Luke 23:6-12
[6] On hearing this, Pilate asked if the man was a Galilean. [7] When he learned that Jesus was under Herod's jurisdiction, he sent him to Herod, who was also in Jerusalem at that time. [8] When Herod saw Jesus, he was greatly pleased, because for a long time he had been wanting to see him. From what he had heard about him, he hoped to see him perform a sign of some sort. [9] He plied him with many questions, but Jesus gave him no answer. [10] The chief priests and the teachers of the law were standing there, vehemently accusing him. [11] Then Herod and his soldiers ridiculed and mocked him. Dressing him in an elegant robe, they sent him back to Pilate. [12] That day Herod and Pilate became friends---before this they had been enemies.

This Herod was Herod Antipas, son of Herod the Great who had ordered the massacre of Bethlehem’s baby boys just after Jesus’ birth in an attempt to get rid of a ‘rival king’. Antipas had beheaded John the Baptist ( Jesus’ cousin) after making a foolish promise to his wife’s daughter (his wife was actually his brother’s wife but he’d taken her from his brother - not exactly a moral family...). Antipas had previously been worried that Jesus was John back from the dead.

So, with no remorse for what he’d done to John, or compassion for the exhausted and demeaned man in front of him, he questioned the Lord Jesus. It’s no wonder that Jesus (who had earlier called Herod a fox) refused to answer his questions.
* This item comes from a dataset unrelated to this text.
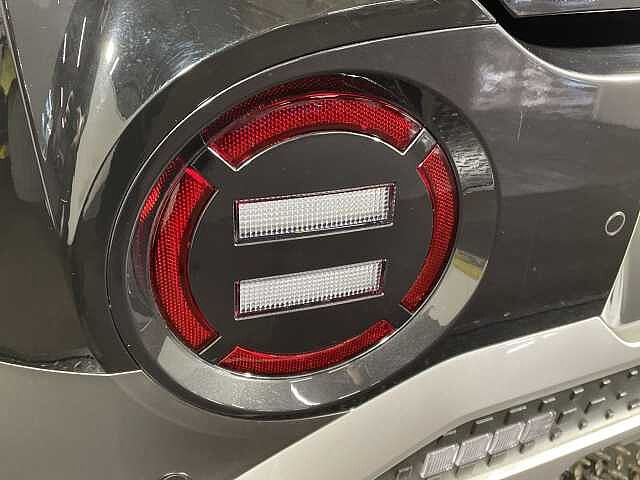 Hyundai INSTER 85kW 02 49kWh 5dr Auto Black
So Antipas and his soldiers ‘ridiculed and mocked him’ verse 11. All of this fulfilled the prophecy in Isaiah:

Isaiah 53:3,7
[3] He was despised and rejected by mankind, a man of suffering, and familiar with pain. Like one from whom people hide their faces he was despised, and we held him in low esteem. [7] He was oppressed and afflicted, yet he did not open his mouth; he was led like a lamb to the slaughter, and as a sheep before its shearers is silent, so he did not open his mouth.

But Jesus bore man’s judgement because he knew it was God’s judgement on mankind, in whose place he stood - so that he could save us. It was all endured for us.